[Exercise brief]: Write down exactly the lines from the one below that has "Černo-bílo-modrá gumová modulová" to the end of the data, both ends included; the pictures should not appear in your copy.
━━━━━━
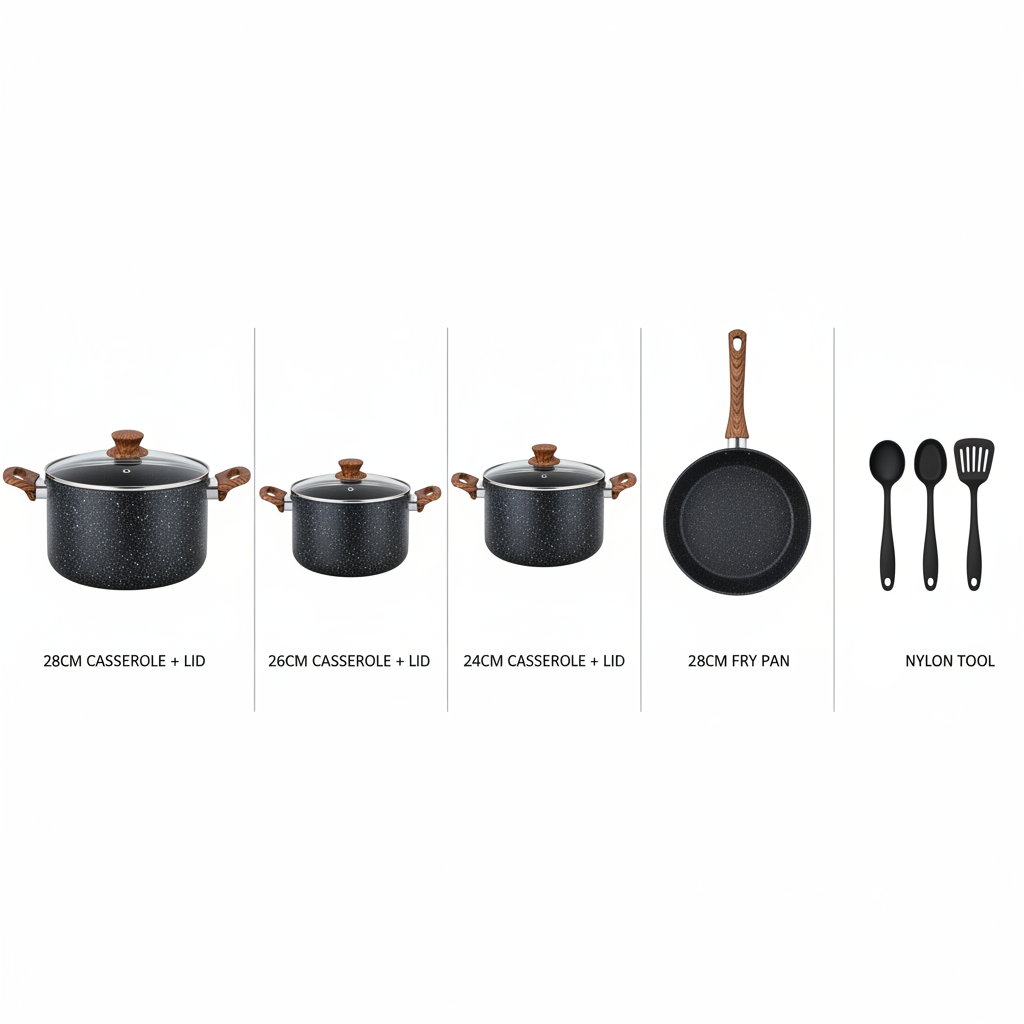 Granite Non-Stick Cookware Set (13 Pieces)
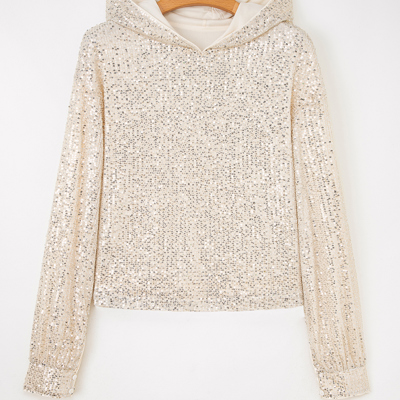 Stella Stream Sequin Hooded Long Sleeve Top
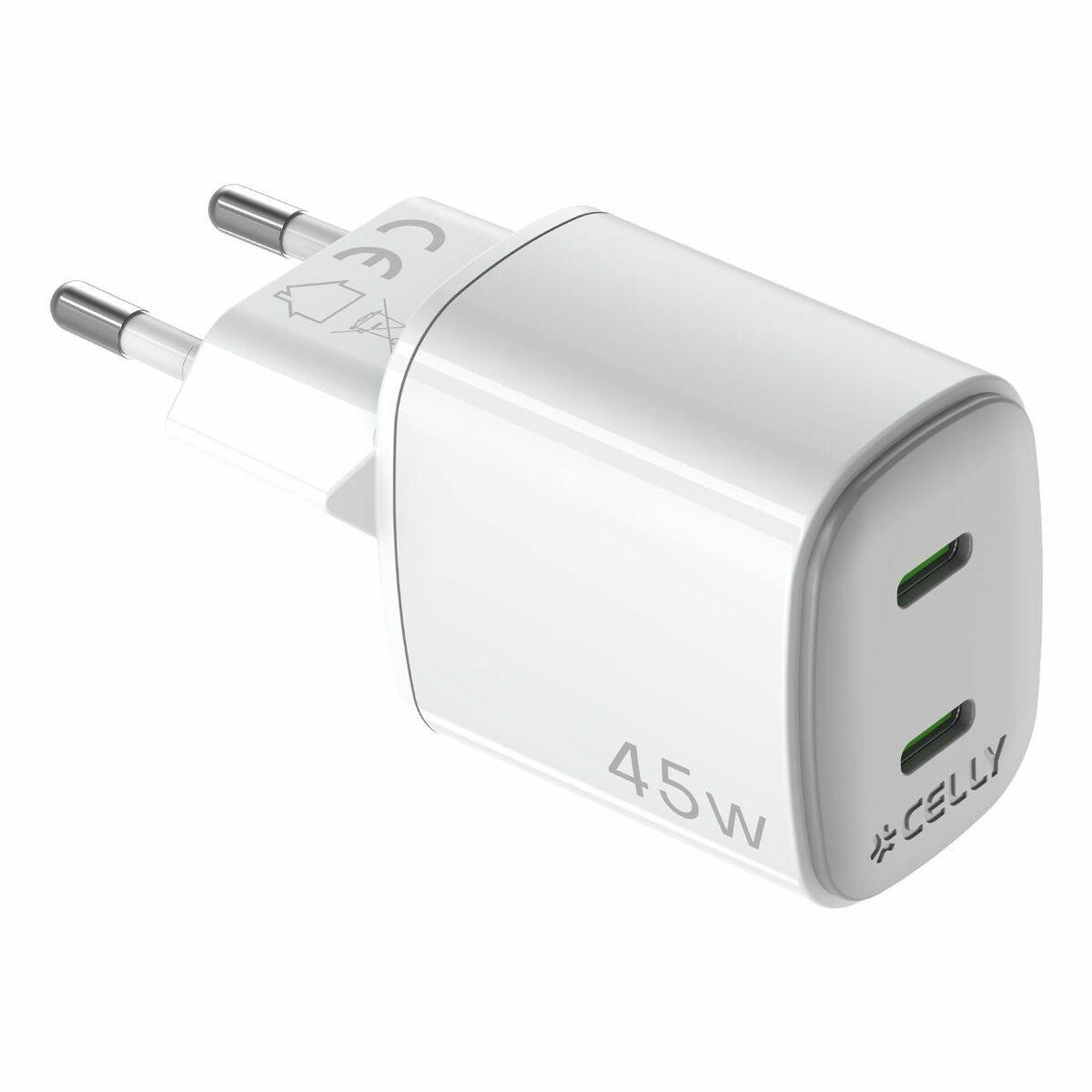 Afbeeldingen van Wall Charger Celly UPTC2USBC45WWH White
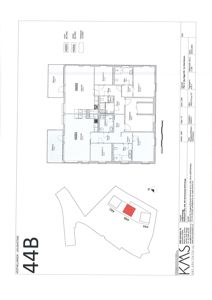 Etasjeplan (etasjeplan) for leilighet 44B i Vesthøllingen, som viser romfordeling, arealer og plassering i bygningen.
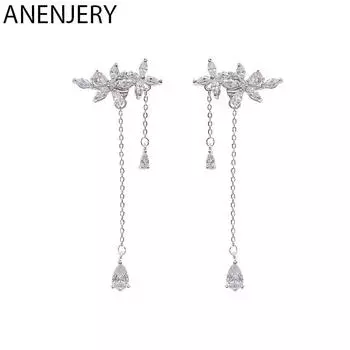 Длинные серьги ANENJERY со сверкающим цирконием и цветком, нежная цепочка с кисточками, вечерние украшения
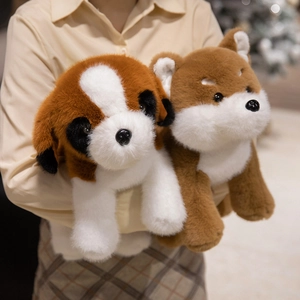 Cute realistic Shiba Inu and Husky plush toy dogs set held in arms for kids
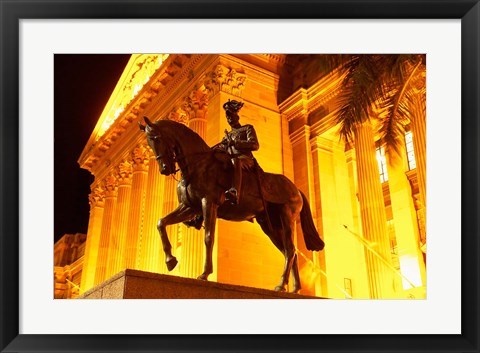 Framed Statue outside King George Square, Brisbane, Queensland, Australia Print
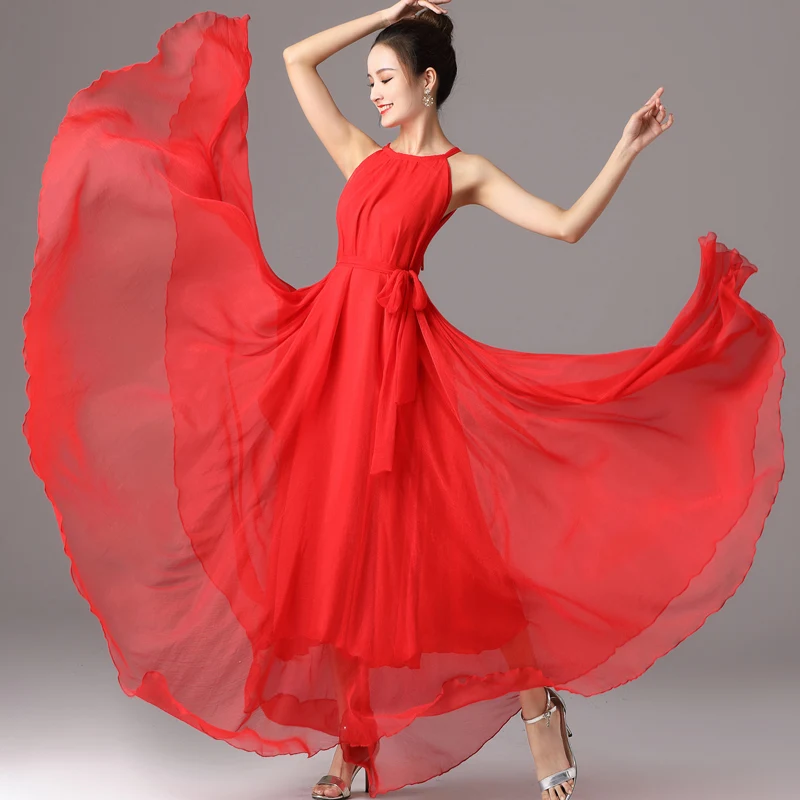 

Spring New Sundress Chiffon Photo Bohemia Suspenders Beach Maxi Dress Summer Elegant Dresses Lightweight Sexy bridesmaid Red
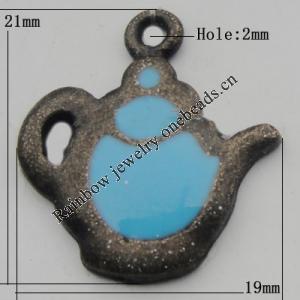Pendant Zinc Alloy Enamel Jewelry Findings Lead-free, 21x19mm Hole:2mm, Sold by Bag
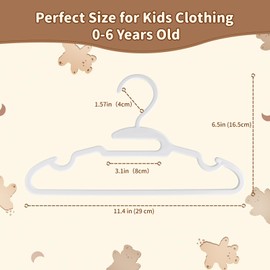 PIGLOG Kids Hangers 30 Pack - Infant Toddler Childrens Hangers for Baby Clothes, Stackable Plastic Child Hanger for Closet - Ideal for Boys and Girls, Clothing, Pants, Coats, and More - White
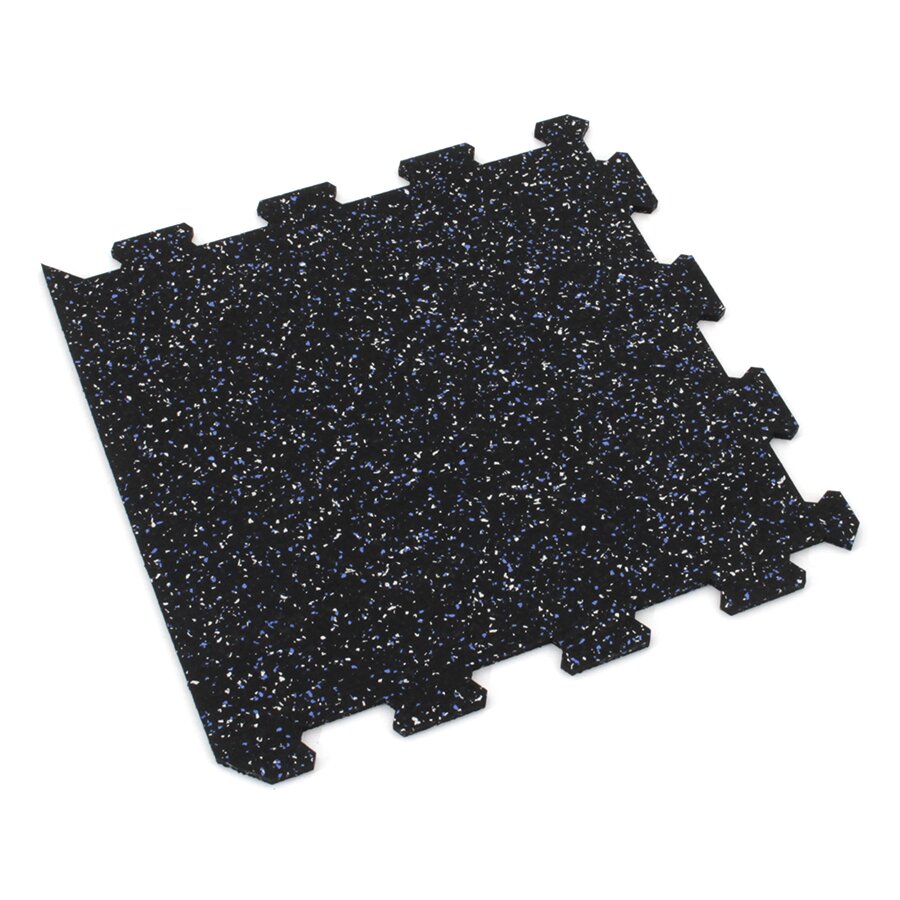 Černo-bílo-modrá gumová modulová puzzle dlažba (okraj) FLOMA FitFlo SF1050 - délka 95,6 cm, šířka 95,6 cm a výška 0,8 cm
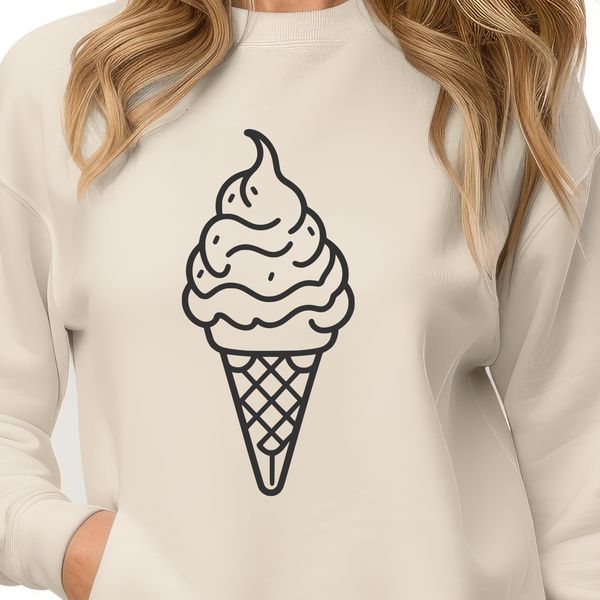 Vibrant Ice Cream Illustration A colorful illustration of a cone-shaped ice cream with various toppings.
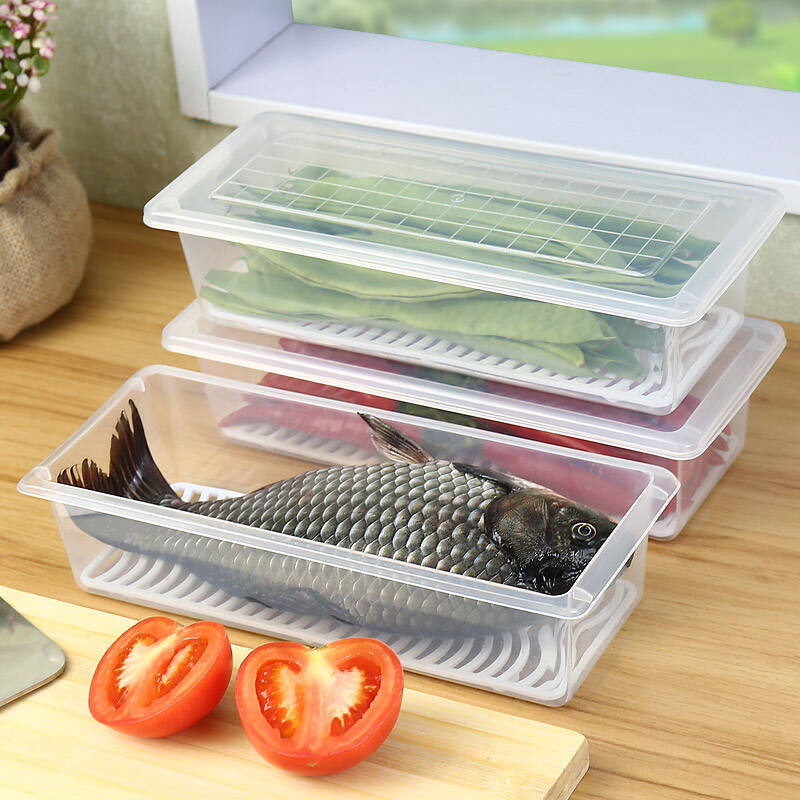 1 / 2 / 3 Cái Hộp Bảo Quản Thực Phẩm Tủ Lạnh Hình Chữ Nhật / Thịt Cá Khay Thoát Nước Hộp Đựng Có Nắp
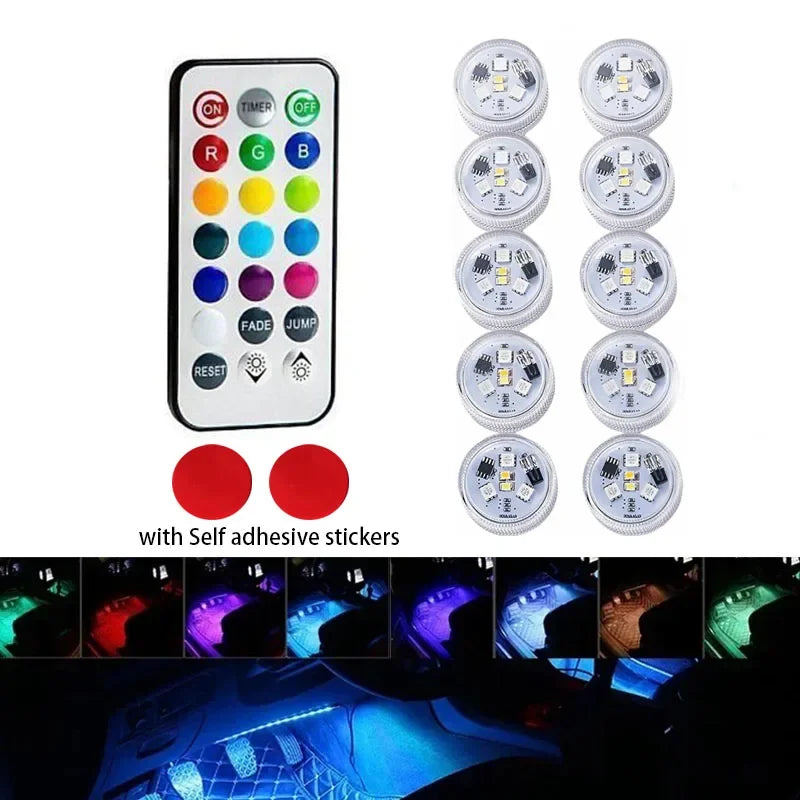 Auto LED RGB Interior Atmosphere Light Decorative Foot Lamp With USB Wireless Remote Control Multiple Modes For Car,Home Decorat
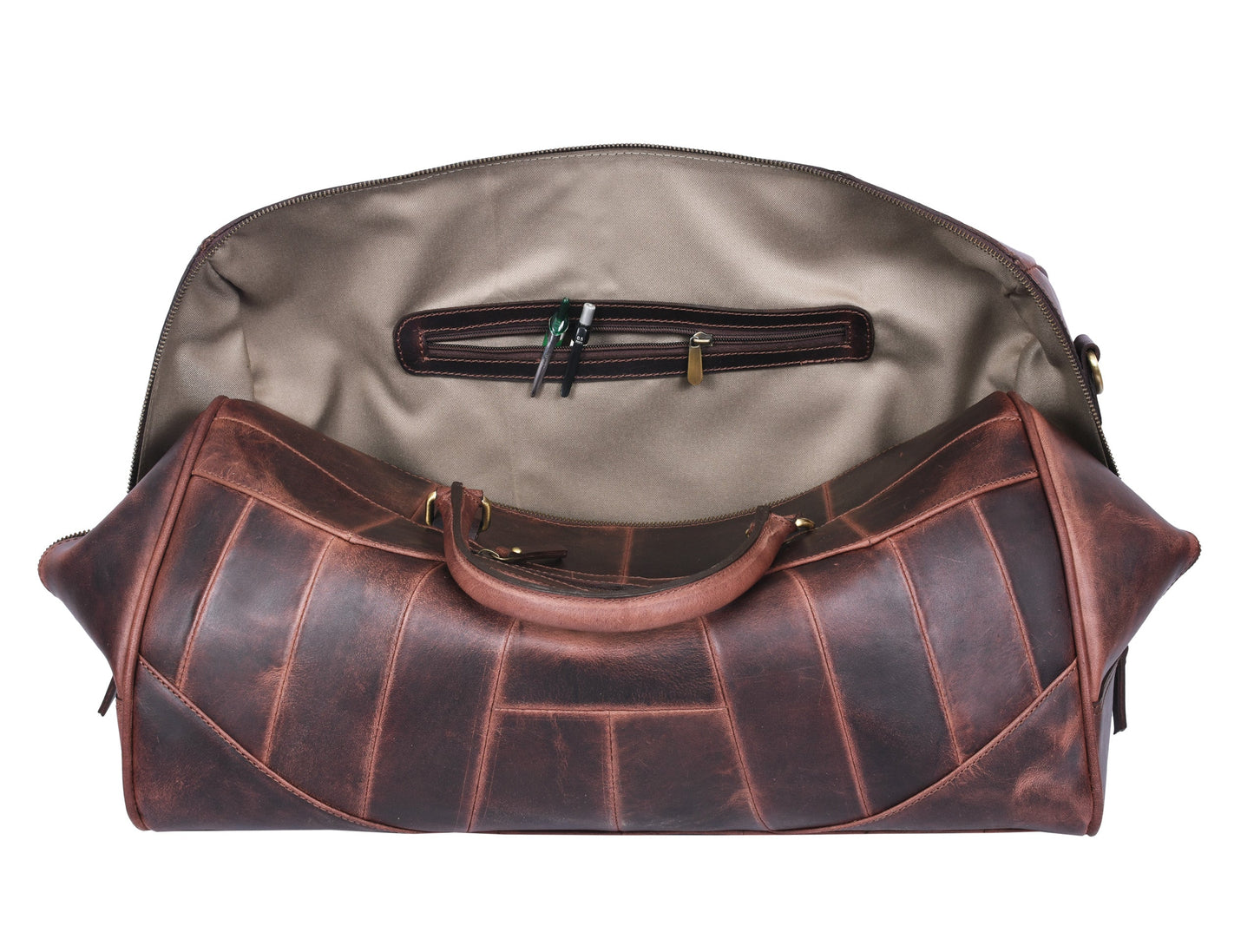 Leather Travel Bag - Walnut Brown - www.Shopthatapp.com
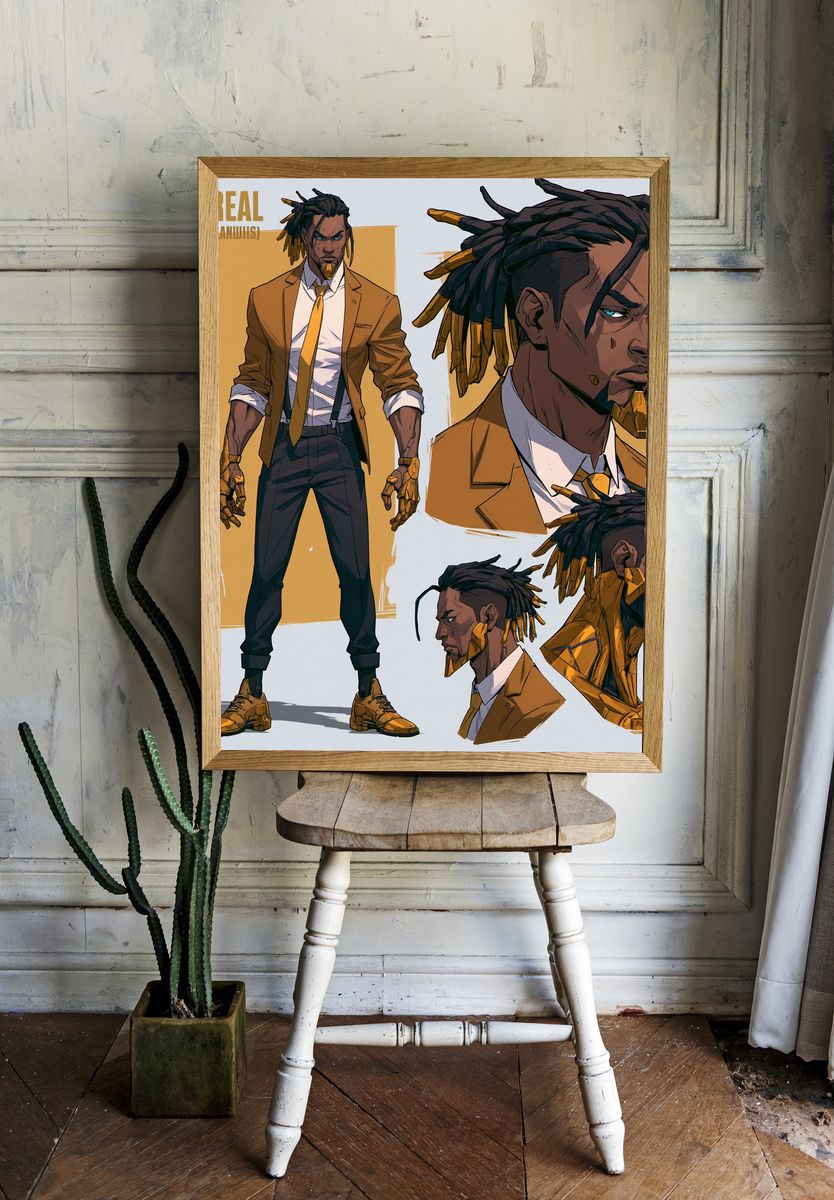 Rahreal Character Sheet Poster. — room view 1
━━━━━━
[Written answer]:
 Černo-bílo-modrá gumová modulová puzzle dlažba (okraj) FLOMA FitFlo SF1050 - délka 95,6 cm, šířka 95,6 cm a výška 0,8 cm
 Vibrant Ice Cream Illustration A colorful illustration of a cone-shaped ice cream with various toppings.
 1 / 2 / 3 Cái Hộp Bảo Quản Thực Phẩm Tủ Lạnh Hình Chữ Nhật / Thịt Cá Khay Thoát Nước Hộp Đựng Có Nắp
 Auto LED RGB Interior Atmosphere Light Decorative Foot Lamp With USB Wireless Remote Control Multiple Modes For Car,Home Decorat
 Leather Travel Bag - Walnut Brown - www.Shopthatapp.com
 Rahreal Character Sheet Poster. — room view 1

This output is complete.